Pihole was once a good adblocker, but as more and more websites realize ads being served from an external domain are easily blocked, they too push their ads through their own domain.

Pihole is still good for some pages, but mostly, its useless as an adblocker.

[-] fat_stig@lemmy.world 5 points 1 year ago

I have 2 piholes on my network, mostly useless they might be but both block over 20% of the traffic, ublock origin and Firefox take care of the rest. Are you sure you set it up correctly?

[-] spudwart@spudwart.com 8 points 1 year ago

20% is a far cry from what it used to be, and it also depends on your use case.

I'm spend my time online 60% on lemmy, 30% on YouTube, and 10% elsewhere.

[-] fat_stig@lemmy.world 2 points 1 year ago

The internet access on my network is much more varied, 12 clients including work laptops, an HTPC, Unraid server, smart TV, phones, watches, tablets, games console, VR headset. Several of these use VPNs so bypass the piholes, I used to see up to 45% a few years ago, but I see no reason to switch them off just because other systems are taking up the slack. Seriously, I can't remember the last time I saw an ad.

[-] ebits21@lemmy.ca 1 points 1 year ago

It’s definitely not useless, it blocks a ton.

There’s only a few sites, like YouTube it doesn’t help much on.

[-] SkepticElliptic@beehaw.org 6 points 1 year ago

Pihole hasn't worked with YouTube in almost a decade.
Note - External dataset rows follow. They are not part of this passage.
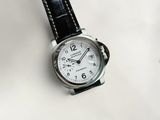 a watch that is sitting on a white table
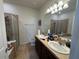 Bathroom featuring double sinks with modern fixtures and a glass shower at 1825 Cayman Cove Cir, St Cloud, FL 34772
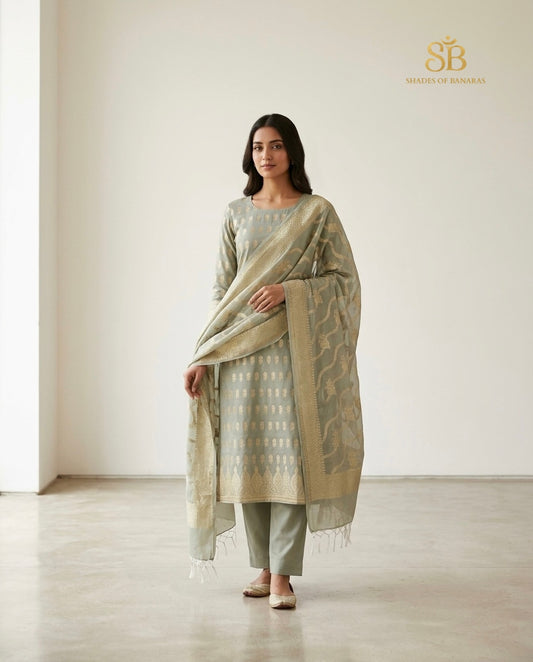 Sage green pure cotton silk Banarasi handloom unstitched suit set on white backdrop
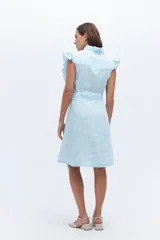 Vestido celeste de lino, corte a la rodilla, con cuello fruncido, volados en los hombros y lazo en la cintura.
They changed their ad service to their own domain, so there isn't any way to distinguish between an ad and a regular video on the domain level that pihole uses.

[-] themeatbridge@lemmy.world 4 points 1 year ago

Setting up a pihole takes minutes, and will block literally millions of ads on your home network.

The biggest hurdle is teaching yourself not to click on sponsored links. Google will still show promoted results, but you'll get an error when the pi blocks them from loading. This is annoying for new users, especially if some of the users don't care that they are being manipulated and just want to see the thing google wants to sell them.